▶ **Problem to work on**: Each line from the one with "3 bed, 2.0 bath, 1100 sqft, $1,450 — Photo 4" through the final line of the entries below must be printed exactly, and the pictures must not be.

▶ **Available data**:
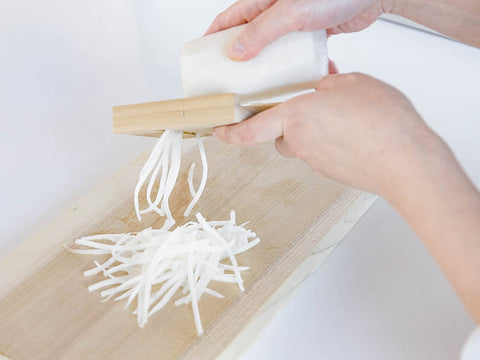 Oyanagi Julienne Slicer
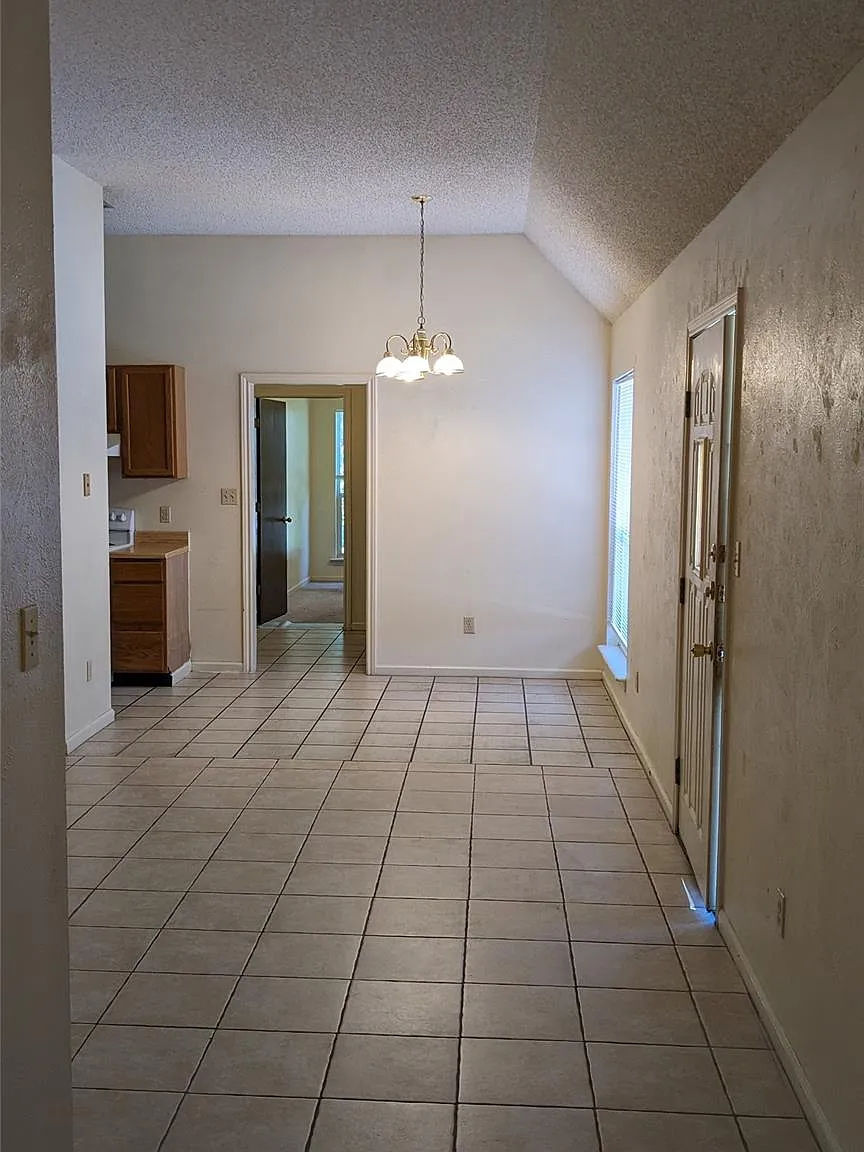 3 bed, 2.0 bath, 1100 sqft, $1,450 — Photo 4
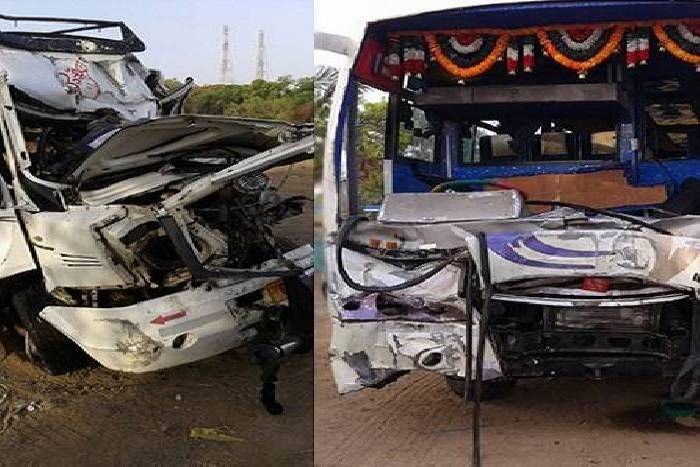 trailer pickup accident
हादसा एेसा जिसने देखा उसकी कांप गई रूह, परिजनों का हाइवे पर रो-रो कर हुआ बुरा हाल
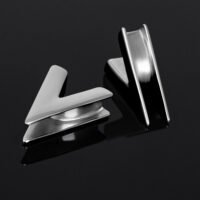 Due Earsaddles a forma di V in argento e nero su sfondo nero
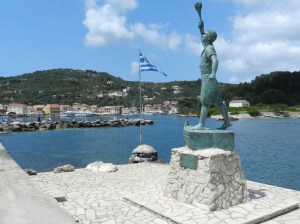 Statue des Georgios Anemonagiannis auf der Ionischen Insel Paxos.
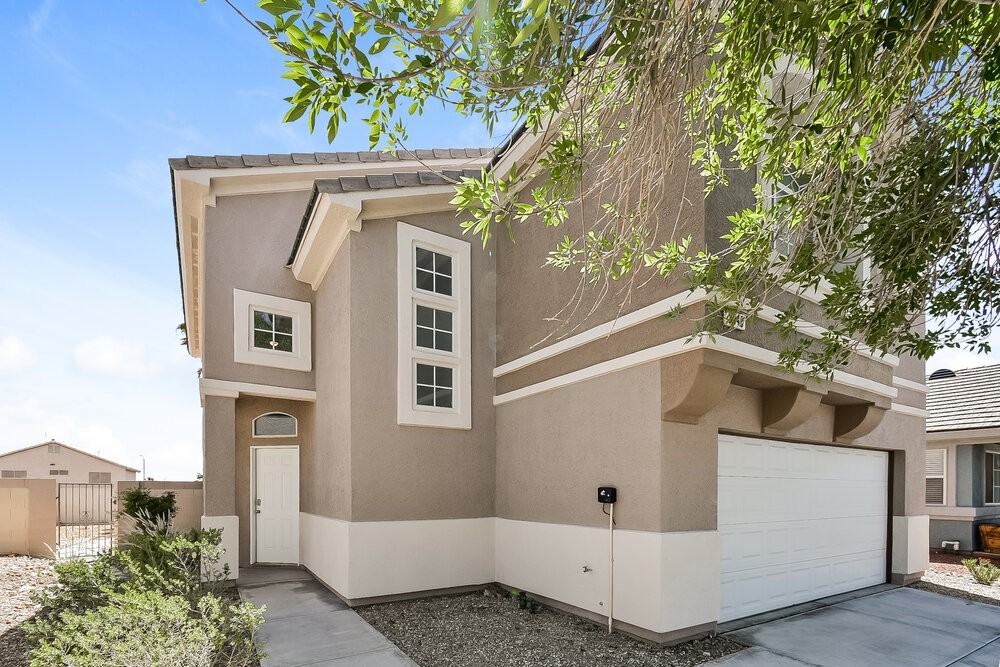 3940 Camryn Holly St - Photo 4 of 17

▶ **Answer to this exercise**:
 3 bed, 2.0 bath, 1100 sqft, $1,450 — Photo 4
 trailer pickup accident
हादसा एेसा जिसने देखा उसकी कांप गई रूह, परिजनों का हाइवे पर रो-रो कर हुआ बुरा हाल
 Due Earsaddles a forma di V in argento e nero su sfondo nero
 Statue des Georgios Anemonagiannis auf der Ionischen Insel Paxos.
 3940 Camryn Holly St - Photo 4 of 17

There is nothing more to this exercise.